Magdaliz Aroura grew up in Puerto Rico where she obtained a B.A. in Psychology from the University of Puerto Rico. In 1994, she moved to Philadelphia to study for her M.A. in Music Therapy at Hahnemann University/Drexel University. In 2010, she took the BTG course and started working as a medical and judicial Interpreter in Philadelphia and surrounding areas. In 2013, she became a licensed BTG trainer” and has been teaching several times a year since then. In January of 2015, she became a PA certified judicial interpreter and in May of 2016, she became a National Board certified Spanish medical interpreter, CMI. In November of 2016, she became a licensed interpreter trainer for The Community Interpreter (TCI). In 2018, she became a NJ Certified Judicial Interpreter. Magdaliz joined the DVTA Board of Directors in 2019 and manages the blog and social media networking. In December of 2019 she began working as a New Jersey court staff interpreter in the Camden Vicinage.
Ricardo Bardo-Portilla, PhD., is a state and federally certified court interpreter and translator. Dr. Bardo-Portilla is currently the director of the Translation and Interpretation Studies Program at Miami Dade College in Florida. He has also worked as a conference interpreter in many international gatherings in the U.S. and abroad. He taught translation and interpretation at the University of Havana, Cuba, and the Universidad Autonoma de Baja, California, Mexico. He has also taught Spanish at Dartmouth College and Florida State University.
Andy Benzo is an ATA certified translator English >Spanish. He also holds a degree in law and a degree in Translation from his native Argentina. He has been working as a freelance translator for more than 25 years. He taught legal translation and business translation at UCSD Extension for 6 years. He was a founding member and first president of ATISDA (Association of Translators and Interpreters in the San Diego Area).

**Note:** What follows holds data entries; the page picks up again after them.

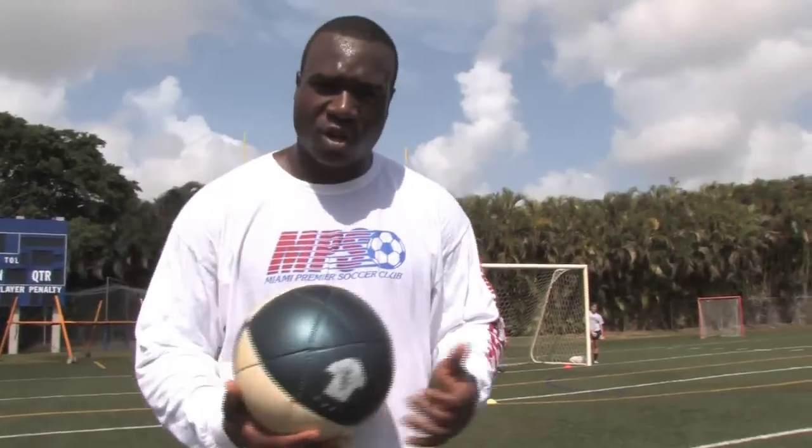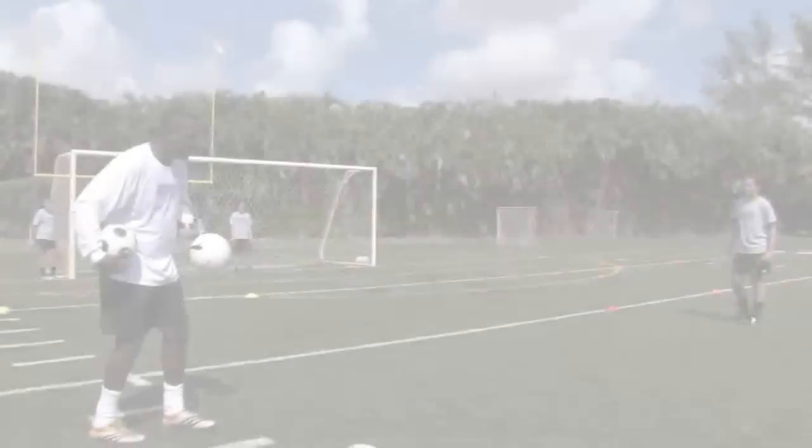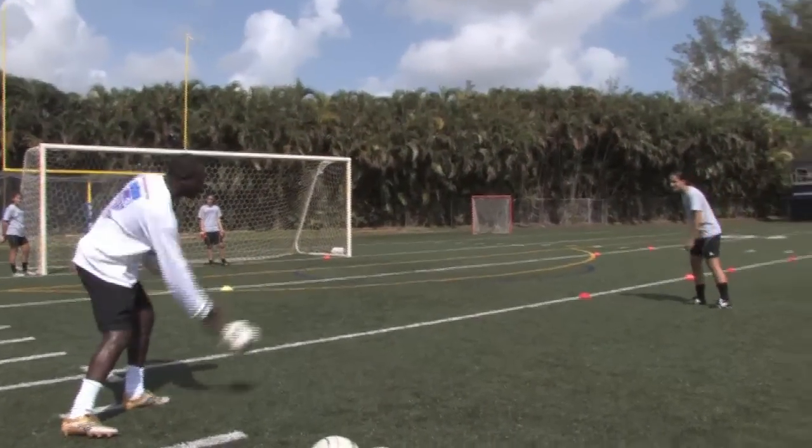At this point we're going to show you with a few girls different ways of scoring hat tricks. Let's start with Sierra as she shows us how to score goals.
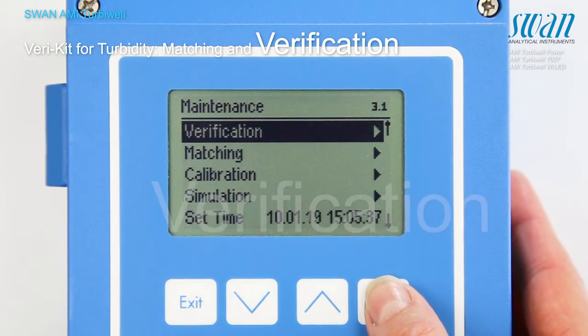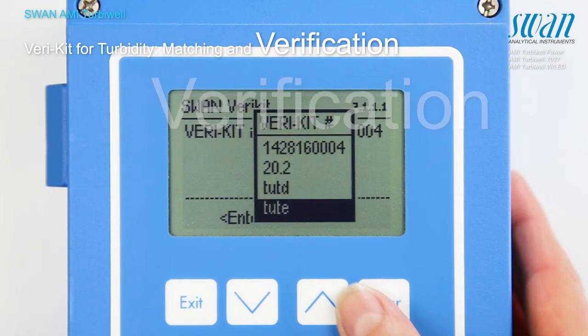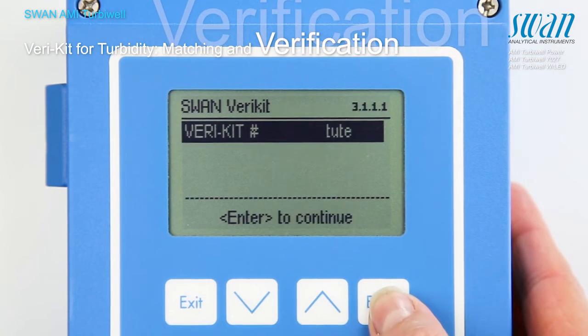The verification procedure is menu-guided. Choose the desired varikit from the list and proceed according to instructions on the screen.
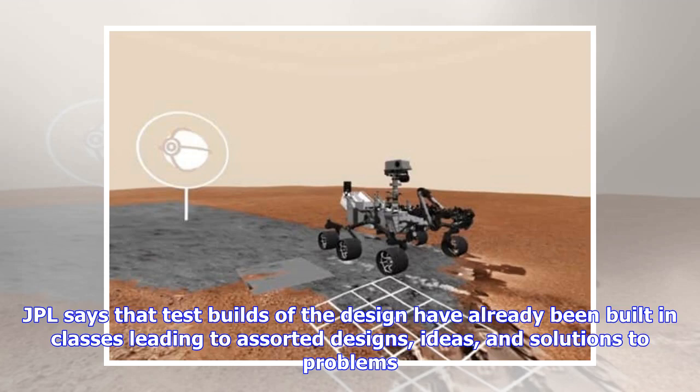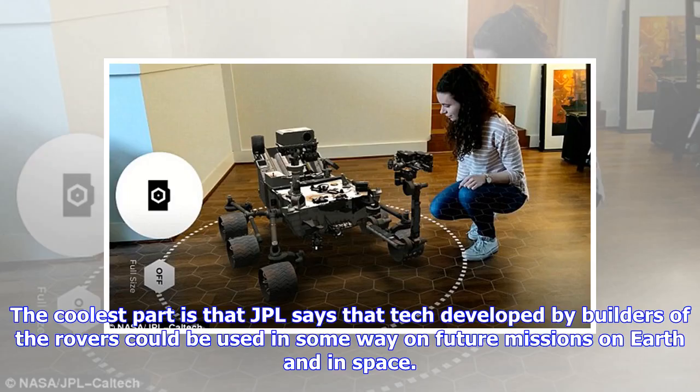JPL says that test builds of the design have already been built in classes, leading to assorted designs, ideas, and solutions to problems. The coolest part is that JPL says technology developed by builders of the rovers could be used in some way on future missions on Earth and in space.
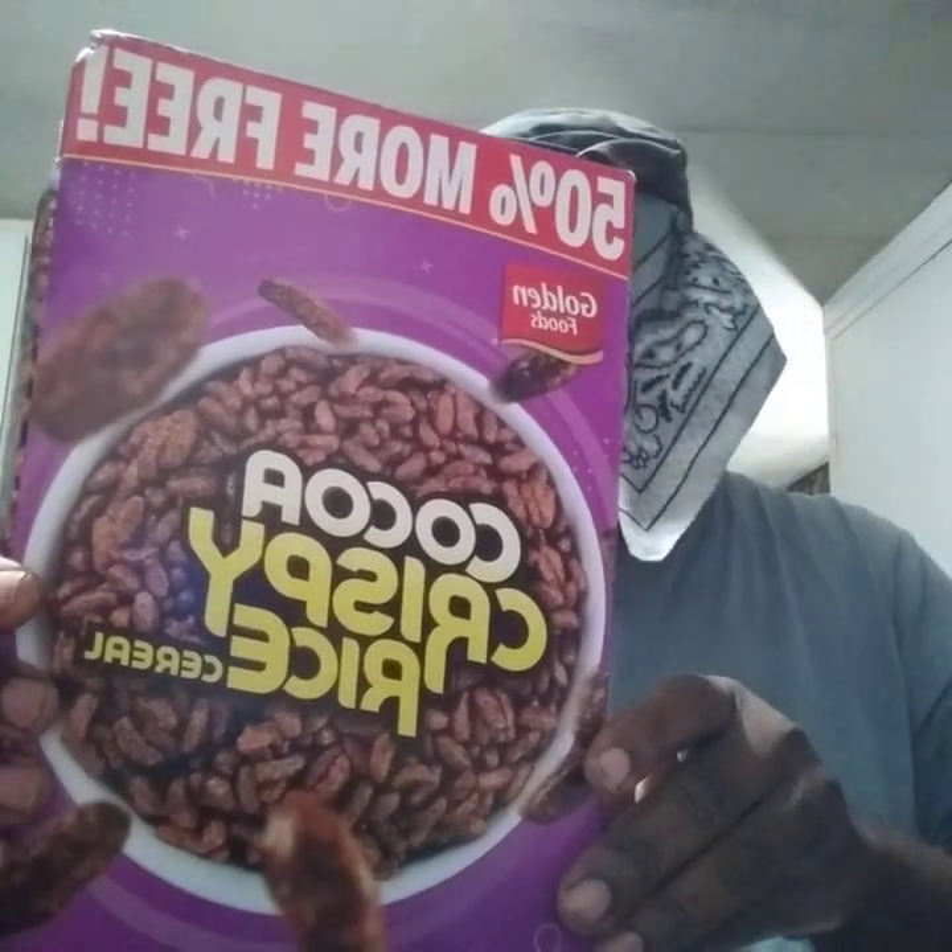Welcome back to the channel. In this video we're going to be reviewing the Dollar Tree cocoa crispy rice cereal. You get 50 more on this box. I had this box of cereal but I wasn't getting around to trying them out until now. I gotta see what it tastes like — here's what it looks like without the milk.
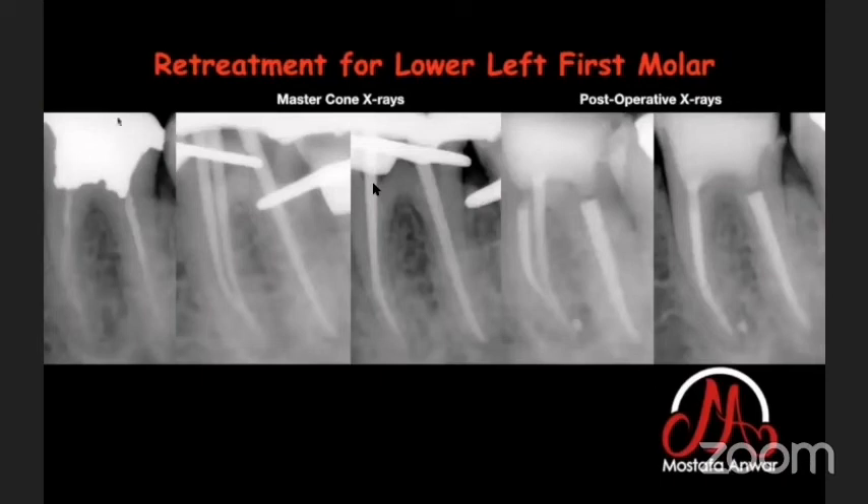In this retreatment of a lower left first molar, I had a lateral lesion. After finishing canal preparation and performing ultrasonic activation, the post-operative X-ray shows a beautifully filled lateral canal.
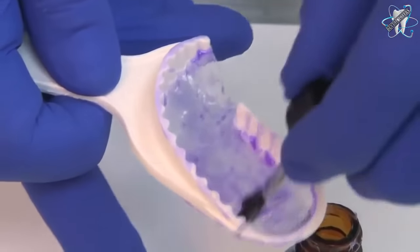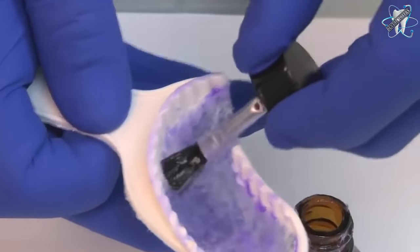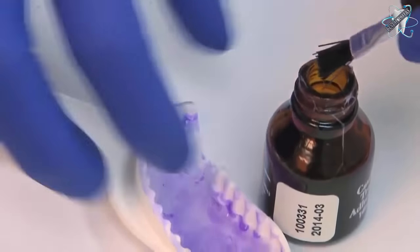Using a first bite closed bite tray, apply tray adhesive onto both sides of the tray. Set the tray aside and begin the process of preparing the tooth for syringing.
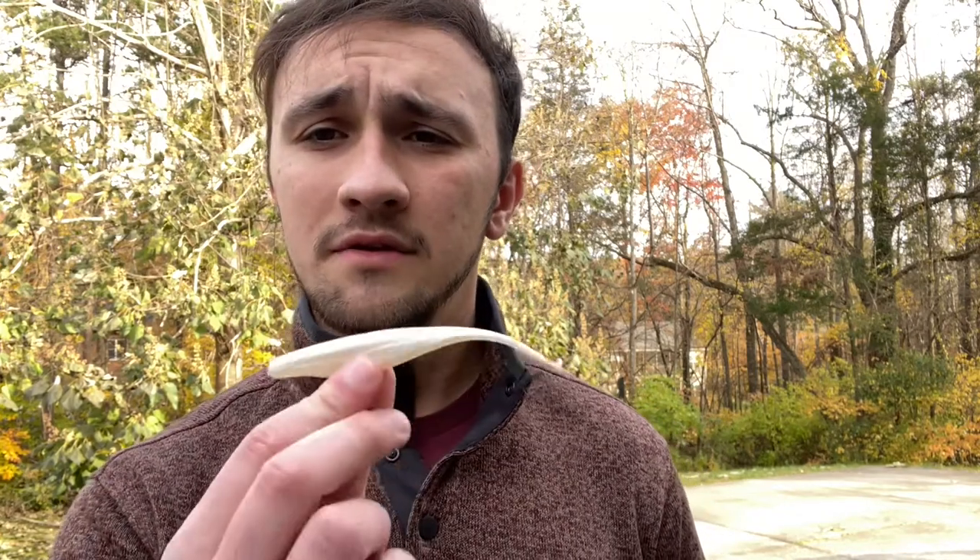You can fish it just like a jerkbait, except you can put it through a lot more vegetation and it won't get anything on the hooks because it's Texas rigged. That's the beauty of a fluke — you can fish it in a little bit deeper cover than something with a treble hook.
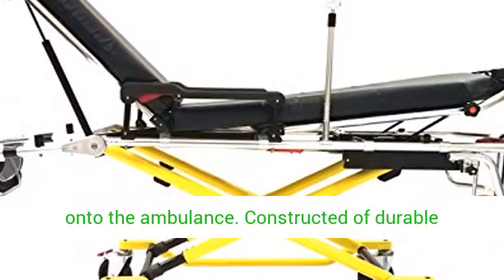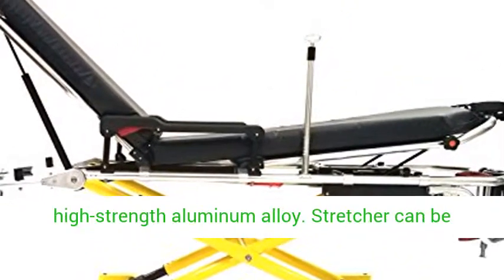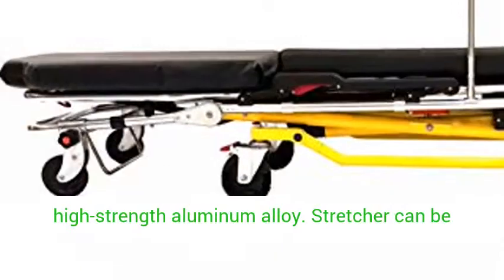Constructed of durable high-strength aluminum alloy. Stretcher can be locked by the safety locking device while vehicle is in motion.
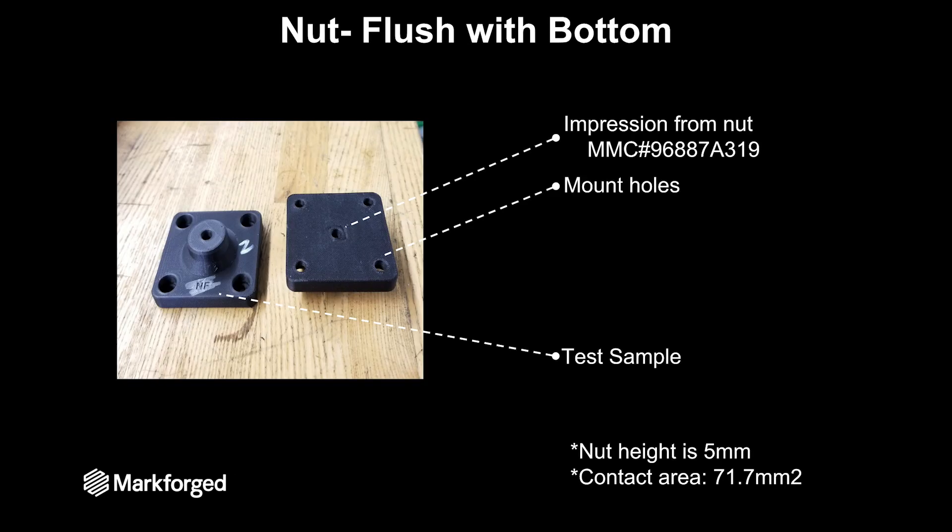Here's our test setup with a nut on the bottom surface. We grabbed an M6 nut off McMaster and mounted the test sample into the part. You can actually see this test sample had been tested — you can see the impression from the nut on that bottom surface. Our nut height here was 5 millimeters, which is less than the 12.7 millimeter thread length we've been using.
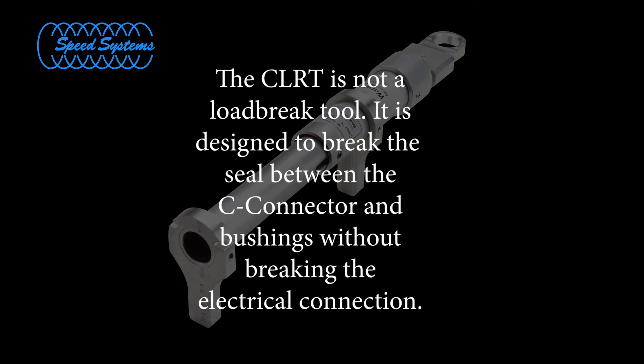Please note, the CLRT is not a load brake tool. It is designed to break the seal between the C connector and bushings without breaking the electrical connection.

Prof. Karen Borgenheimer, MFA Translation, a classically trained, certified interpreter and translator, is regarded as a skilled, insightful and versatile professional who is equally comfortable in the courtroom and at international conferences, where she has interpreted for major corporations, the Department of Defense and Homeland Security. Her interpreter training workshops have been a huge success in Florida, California, Oregon, Arizona and Spain. Karen has trained hundreds of certified interpreters and interpreters in training. She has been a university professor for 30 years and a professor in the translation and interpretation program at Florida International University (FIU) in Miami, Florida, for the past 19 years. Karen obtained a 4-year Master of Fine Arts in Translation Studies from the University of Arkansas, Fayetteville. She also completed doctoral coursework in Spanish Language and Linguistics at the University of Wisconsin, Madison.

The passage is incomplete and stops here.